2.Heat a chargrill plate (or barbecue) over medium heat. Remove husks and silks from corn cobs; discard. Cook corn cobs, turning occasionally, for 10 minutes or until grill marks appear and corn is tender. Cool slightly. Using a sharp knife, cut kernels from cobs; you will need 2 cups kernels.
3.Place corn kernels in a medium bowl with flour. Finely chop 2 of the green onions; reserve 2 for serving. Add remaining chopped green onion to the bowl; season, then stir to combine. Whisk eggs and buttermilk; stir through corn mixture until well combined.
4.Cut remaining green onions into 12cm lengths, leaving the root ends intact. Place in a small roasting dish with the truss tomatoes. Combine 2 tablespoons of the extra virgin olive oil, the balsamic vinegar and sugar in a small jug; season to taste. Pour over vegetables.

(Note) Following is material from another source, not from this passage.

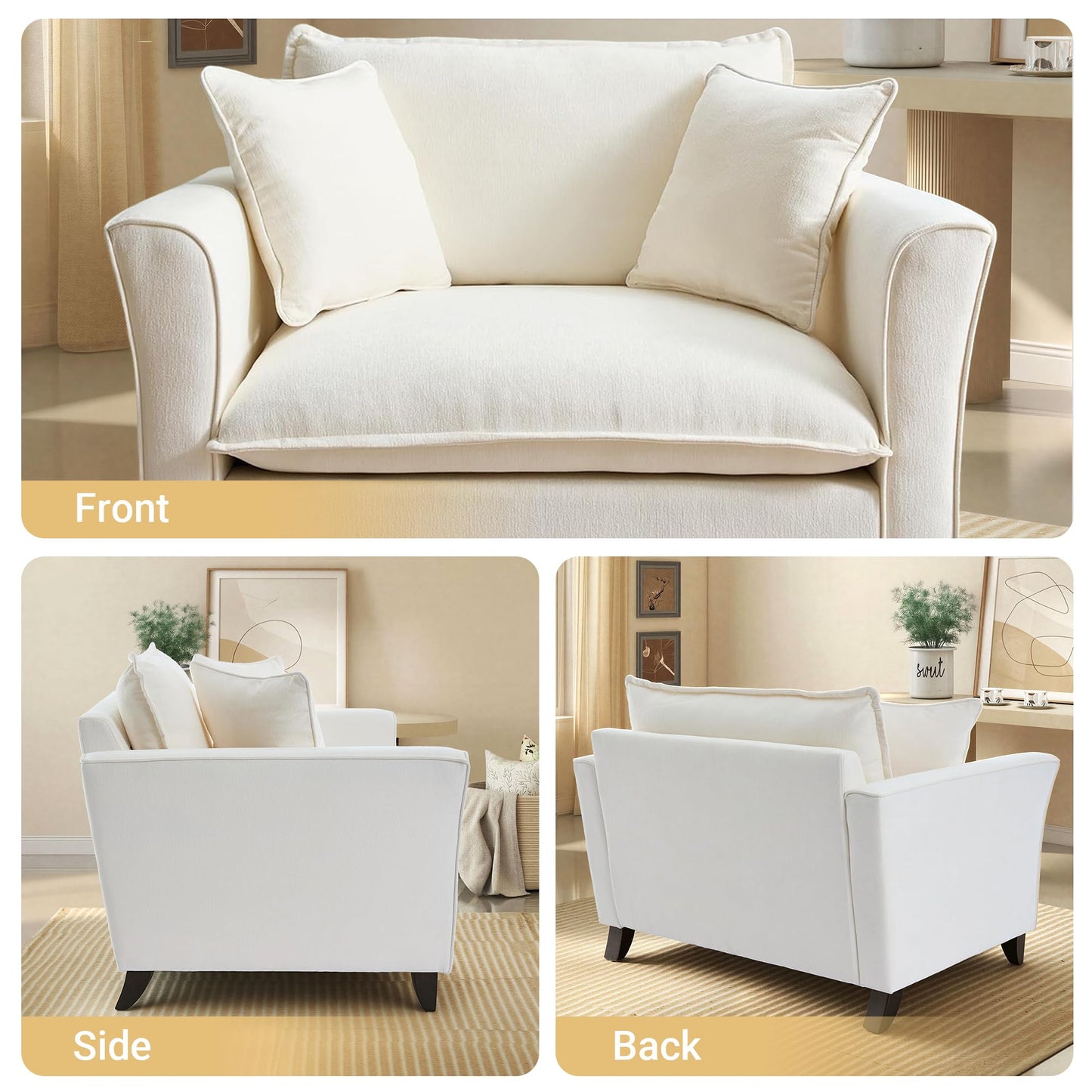 ERYE 46.9" Chenille Upholstered Accent Chair Wide Seat for Living Room Bedroom, Modern Leisure Cushion Armchair W/ 2 Pillows and Removable Cover for Home Apartment Office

5.Roast vegetables for 12 minutes or until tomatoes are just softened.
6.Meanwhile, heat half the extra oil in a large frying pan over medium heat. Working in batches, spoon four ¼-cup measures of corn mixture into pan and flatten slightly with a spatula; cook for 2 minutes on each side or until golden and cooked through. Drain on paper towel; keep warm. Repeat with remaining oil and corn mixture to make eight fritters in total.
7.Serve fritters with roasted vegetables and pan juices, topped
with reserved strips of green onion.
If you don’t have self-raising flour, sift ¾ cup (115g) plain flour with ¾ teaspoon baking powder. Place green onion strips in iced water to create curls, if you like.
Grill the corn cobs the night before; cut kernels from the cobs and store in an airtight container in the fridge.
If you don’t have balsamic vinegar in the pantry, mix white or red wine vinegar with ¼ teaspoon caster sugar.